And, sad to say, there is a problem.

The 57-year-old CPA from Beavercreek — a UD grad like his six sisters and brothers, his mom and dad, Jerry, who's enshrined in the school's Athletics Hall of Fame — died Monday of an apparent heart attack.

Tom, the UD registrar, had talked to Ed at 3:30 p.m. and said his older brother was "so pumped," about what happened earlier that afternoon at Thistledown race track outside Cleveland.

Along with running the arena shot clock 19 years, Ed had a love affair with thoroughbred racing. He was a minor partner in several horses and Monday, his two-year old gelding — Allsarott — had broken its maiden with a 10-length victory — the largest winning margin Ed had ever had.

I know I would have heard about that sometime Monday night. Before last Thursday night's exhibition game, Ed and I had talked about his beloved 5-year-old gelding — Hoofin' It — that had just been claimed. He acted as if he'd just sold off a son.
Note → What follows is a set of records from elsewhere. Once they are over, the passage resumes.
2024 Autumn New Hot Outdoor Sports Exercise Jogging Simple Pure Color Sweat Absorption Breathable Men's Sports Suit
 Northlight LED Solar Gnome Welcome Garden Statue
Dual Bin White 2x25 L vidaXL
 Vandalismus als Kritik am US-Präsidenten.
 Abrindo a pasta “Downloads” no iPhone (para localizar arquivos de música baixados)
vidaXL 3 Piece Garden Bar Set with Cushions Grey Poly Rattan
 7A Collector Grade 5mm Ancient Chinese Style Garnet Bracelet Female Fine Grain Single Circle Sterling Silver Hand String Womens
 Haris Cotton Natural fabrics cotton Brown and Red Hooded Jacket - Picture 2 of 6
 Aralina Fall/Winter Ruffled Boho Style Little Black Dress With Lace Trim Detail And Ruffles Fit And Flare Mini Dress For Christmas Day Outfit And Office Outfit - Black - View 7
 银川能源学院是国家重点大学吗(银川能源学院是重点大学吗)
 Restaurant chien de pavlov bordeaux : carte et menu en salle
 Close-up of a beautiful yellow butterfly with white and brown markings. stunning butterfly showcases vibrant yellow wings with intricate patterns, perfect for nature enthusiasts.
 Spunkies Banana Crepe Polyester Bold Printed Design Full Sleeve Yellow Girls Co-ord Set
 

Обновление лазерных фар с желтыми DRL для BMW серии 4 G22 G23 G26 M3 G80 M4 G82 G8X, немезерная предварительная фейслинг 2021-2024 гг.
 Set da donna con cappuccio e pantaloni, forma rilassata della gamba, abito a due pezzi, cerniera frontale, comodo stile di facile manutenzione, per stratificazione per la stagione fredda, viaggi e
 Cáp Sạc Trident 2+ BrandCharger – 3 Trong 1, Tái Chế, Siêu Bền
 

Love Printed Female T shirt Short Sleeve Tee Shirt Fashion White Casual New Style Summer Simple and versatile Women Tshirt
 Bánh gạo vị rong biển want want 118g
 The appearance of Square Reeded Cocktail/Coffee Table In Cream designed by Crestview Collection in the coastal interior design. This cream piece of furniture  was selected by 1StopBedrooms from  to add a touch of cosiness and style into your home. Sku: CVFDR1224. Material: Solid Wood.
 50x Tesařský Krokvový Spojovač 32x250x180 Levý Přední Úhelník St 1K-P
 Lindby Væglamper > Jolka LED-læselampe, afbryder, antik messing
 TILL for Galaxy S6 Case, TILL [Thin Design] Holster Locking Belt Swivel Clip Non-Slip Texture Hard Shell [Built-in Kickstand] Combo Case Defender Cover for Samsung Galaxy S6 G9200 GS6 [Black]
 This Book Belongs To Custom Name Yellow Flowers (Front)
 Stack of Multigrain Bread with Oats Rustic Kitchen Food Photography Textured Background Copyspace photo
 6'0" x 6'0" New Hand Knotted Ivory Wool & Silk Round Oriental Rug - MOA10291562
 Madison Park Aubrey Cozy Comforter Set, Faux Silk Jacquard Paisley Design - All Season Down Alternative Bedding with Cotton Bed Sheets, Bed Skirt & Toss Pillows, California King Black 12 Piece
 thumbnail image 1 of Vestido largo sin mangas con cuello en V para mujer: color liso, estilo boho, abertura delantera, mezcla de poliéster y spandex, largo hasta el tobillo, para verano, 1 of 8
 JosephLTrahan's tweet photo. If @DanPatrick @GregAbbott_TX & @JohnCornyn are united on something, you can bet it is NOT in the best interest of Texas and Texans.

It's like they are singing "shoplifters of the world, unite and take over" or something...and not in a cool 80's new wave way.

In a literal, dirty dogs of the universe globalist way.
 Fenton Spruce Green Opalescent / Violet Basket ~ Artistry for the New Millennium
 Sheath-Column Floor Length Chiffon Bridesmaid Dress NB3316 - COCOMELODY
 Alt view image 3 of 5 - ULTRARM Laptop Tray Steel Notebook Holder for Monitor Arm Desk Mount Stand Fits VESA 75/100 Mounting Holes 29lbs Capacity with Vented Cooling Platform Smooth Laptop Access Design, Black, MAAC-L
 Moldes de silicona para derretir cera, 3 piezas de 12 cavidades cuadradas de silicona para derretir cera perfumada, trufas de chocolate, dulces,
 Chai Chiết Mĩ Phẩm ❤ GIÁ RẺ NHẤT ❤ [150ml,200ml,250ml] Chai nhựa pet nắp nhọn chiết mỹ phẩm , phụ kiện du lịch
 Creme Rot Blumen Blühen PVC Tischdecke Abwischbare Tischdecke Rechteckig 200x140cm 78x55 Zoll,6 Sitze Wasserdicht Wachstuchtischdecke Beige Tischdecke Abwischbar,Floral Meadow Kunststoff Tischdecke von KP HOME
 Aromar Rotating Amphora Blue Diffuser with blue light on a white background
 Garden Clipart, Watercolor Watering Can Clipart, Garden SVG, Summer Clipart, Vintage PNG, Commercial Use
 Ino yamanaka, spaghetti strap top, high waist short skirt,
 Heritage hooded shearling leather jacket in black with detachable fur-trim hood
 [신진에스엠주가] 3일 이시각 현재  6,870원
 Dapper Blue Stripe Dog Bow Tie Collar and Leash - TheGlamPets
Every week he'd send many of us an e-mail detailing his modest racing ventures. In fact, when Tom found him, Ed was slumped over his computer.

"When he was late picking me up for (Monday night's) game, that just wasn't like him, so I drove over," Tom said. "When I found him, it looked liked he'd just done one of his runs. ... "

Ed seemed so fit. He didn't smoke and drink. He ran every day, and each Sunday night he and Tom played basketball with the parish priest at Incarnation church in Centerville.

Yet, just as he could post up a clergyman, he also could lend one a hand. During the River Downs racing season, he'd help Father Frank Niehaus, the track chaplain, set up for Sunday morning Mass in the grandstands.

John Engelhardt, the Rivers Downs publicity director who used Ed as a co-host on his "Regular Guy" racing show, told how he'd arrive at the track with pretzels for the workers and carrots for his horses: "Everybody loved him here."

It was the same around UD Arena and especially at home.

"He was my brother 50-some years, and I never fought with him one time," Tom said. "There wasn't a mean bone in his body. I'm going to miss him so much."

Ed — whose viewing is from 4 to 8 p.m. Thursday at Westbrock Funeral Home on Wayne Avenue and whose burial Mass is at 10:30 a.m. Friday at St. Brigid's in Xenia — is being honored with a moment of silence before Saturday's game, and Tom plans to be there.

The reason for the focus isn't good. But the man sure was.